Michael touched on an important point, that being to add salt to water, not the opposite. by doing this you ensure that the salt will dissolve as completely as possible rather than becoming locally supersaturated and precipitating out important elements.
you'll get many different answers when it comes to salt selection but i like reef crystals. the important thing is to measure important levels, like calcium, magnesium, and alkalinity. these can vary even from batch to batch of the same salt, so measure each batch you make and determine what if anything you want to add to get your levels where you want them. there's a reference that can be found in the sticky at the top of this forum, which everybody should read in my opinion, that will tell you what parameters to aim for.
ro di water is water that has been pumped through a Reverse Osmosis DeIonization filter. this is a filter wherein water passes through a prefilter, a carbon block, a membrane with microscopic holes, and finally deionizing resin. the idea is to purify water to as close to pure h2o as possible, which the more popular and better constructed units do very well.
sg is an abbreviation for specific gravity, a way in which we measure the amount of dissolved salt in our water. pure water has a specific gravity of 1.000, whereas the water we make for our tanks has a specific gravity of 1.026, or VERY close to it.
again like types of salts you will get a few different answers about test kits, heres what i suggest for you at present
get a refractomer to test the sg and salinity
get a decent thermometer or 2 to keep an eye on temperature
i recommend you use salifert kits for ammonia, nitrite, nitrate and ph, this is all you need at present until your tank cycles and you start to consider params for adding stock, when your ready to do that things change a little as the type of kits required, the type of test and what to keep an eye on then get a little more involved, however in 4-6 weeks time or less if your lucky you will have learnt a lot here and will find it easy to start adding stock, by then things will seem a lot less complecated, anymore questions just ask, theres plenty of guys on here who will definately do that for you
well, mikes on both side of the pond seem to agree a lot.
i'm using api tests currently, but i'm figuring on switching out the phosphate test for a salifert kit, along with picking up a magnesium kit from them. (i've not got one currently, but i need it.)
api is a good inexpensive test that is popular and pretty accurate for most things, but i've read of problems with them reading low end phosphate and i'm not even sure they make a magnesium test. you'll hear people swear by this kit or that one, but as you read around you'll get to know which ones are generally accepted as accurate.

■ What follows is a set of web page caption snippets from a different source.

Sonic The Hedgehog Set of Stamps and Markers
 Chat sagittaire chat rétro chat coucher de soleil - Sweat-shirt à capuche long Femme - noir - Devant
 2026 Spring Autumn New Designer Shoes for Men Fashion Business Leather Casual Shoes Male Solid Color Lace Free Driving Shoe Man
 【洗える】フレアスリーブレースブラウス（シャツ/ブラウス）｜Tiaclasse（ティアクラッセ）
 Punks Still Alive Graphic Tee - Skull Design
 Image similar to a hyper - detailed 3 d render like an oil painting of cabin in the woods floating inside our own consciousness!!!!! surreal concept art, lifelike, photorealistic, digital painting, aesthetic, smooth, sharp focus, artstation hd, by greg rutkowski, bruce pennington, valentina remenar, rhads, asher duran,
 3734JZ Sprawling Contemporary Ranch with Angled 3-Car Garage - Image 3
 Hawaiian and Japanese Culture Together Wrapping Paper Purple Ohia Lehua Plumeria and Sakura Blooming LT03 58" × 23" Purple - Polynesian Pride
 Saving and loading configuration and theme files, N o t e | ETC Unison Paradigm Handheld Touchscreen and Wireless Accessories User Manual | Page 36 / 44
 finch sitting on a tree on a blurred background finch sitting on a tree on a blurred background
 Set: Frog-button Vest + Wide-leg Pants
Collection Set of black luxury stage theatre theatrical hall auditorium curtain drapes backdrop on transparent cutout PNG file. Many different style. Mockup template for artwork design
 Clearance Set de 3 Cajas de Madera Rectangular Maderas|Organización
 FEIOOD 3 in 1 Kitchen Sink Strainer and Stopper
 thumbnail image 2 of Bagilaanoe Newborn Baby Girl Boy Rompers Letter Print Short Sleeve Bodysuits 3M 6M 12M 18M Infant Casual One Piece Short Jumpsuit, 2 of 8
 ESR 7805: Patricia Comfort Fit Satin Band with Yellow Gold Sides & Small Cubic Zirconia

i'll again back up what mike told you and say that in the beginning the 'extra' test kits aren't really going to come into play. the basic parameters you'll be concerned with are ammonia, nitrite, and nitrate. these are the levels by which you'll be able to monitor your initial nitrogen cycle. once that's complete, i.e. ammonia and nitrite equaling zero, and nitrate being reduced by your first waterchanges, you'll be ready to add your first livestock. GO. SLOW.
you're creating a living ecosystem here from scratch, and it takes TIME. patience is probably the best thing to learn first off. take the time that you'd otherwise be pulling your hair out and itching to get your hands in the tank and add all kinds of fish and coral and what not to READ A LOT. think about what fish will be able to live out their entire lives in the size tank you have and which ones they can or can't live with. think about what kind of corals you're interested in, and read everything you can get your eyes on about their care requirements, allelopathy, aggressiveness, etc. keep asking questions, and most of all be patient. there's a lot for everyone to learn with this deal, and many folks will be able to share their experience and help you, and me, along the way.